At 1545 UTC (Fig. 6f), the convective line fully bowed out, with the new apex to the northeast of the original mesohigh surge. The cold pool was centered behind this new bowing segment and cooled by 1°C since the mesohigh surge. The mesohigh was still located at the southern end of the convective line, but was eclipsed by the new bowing segment. Stations near the convective line and in the leading pressure gradient reported northwesterly flow. By 1715 UTC (not shown), the system exited the state while dissipating.
4. Surface pressure and temperature pattern synopsis
An examination of all bowing episodes was conducted to find recurring mesoscale surface pressure, temperature, or wind patterns. The existence of features often associated with linear MCSs, such as the postsystem wake low and warm region, presquall mesolow and warm region, and mesohigh and cold pool, were all observed. However, repeatable patterns of low pressure and warm temperature anomalies could not be established because the positioning and intensity of these features varied widely over the lifetime of each bow echo. A recurring pattern that could be identified was the surging of the mesohigh in advance of the convective line preceding bowing, which is depicted in the conceptual model shown in Fig. 7.

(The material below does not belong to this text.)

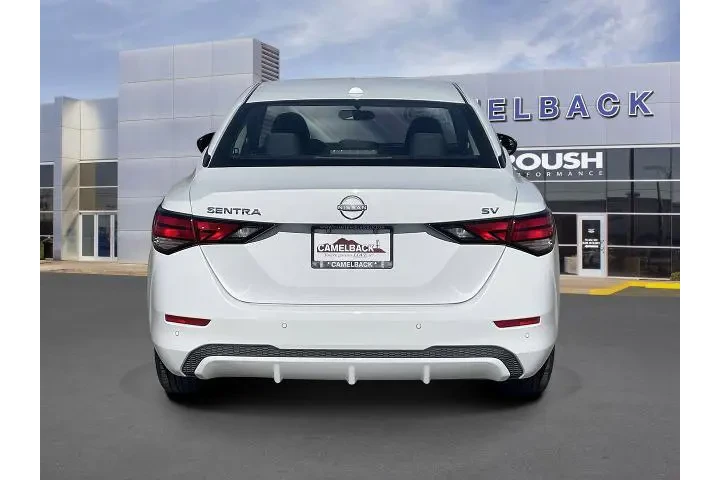 $17995 : Nissan Sentra 2024 SV 4dr Se image 5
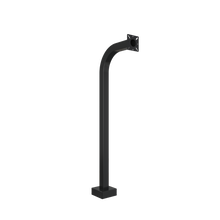 Load image into Gallery viewer, Gooseneck Pedestal / Square Tube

Stage 1 (Fig. 7) illustrates the arrangement of a bow-echo system following the formation of the full (>50 dBZ) convective line. The initiation of each convective line, mesohigh, and cold pool in this study varied widely. However, at some point after convective line formation but before new bowing development, the cold pool is typically centered behind the convective line with the mesohigh no more than 50 km to its south. Because every case studied had at least partially a north–south orientation, the terminology of north (south) will be used here to denote the left (right) ends of the line as viewed toward the direction of motion. In general, the mesoscale surface winds in advance of the system are from the east or southeast, providing inflow. Within the pressure gradient on the leading edge of the mesohigh, as well as near the convective line, the winds are generally dominated by flow in the direction of motion of the storm.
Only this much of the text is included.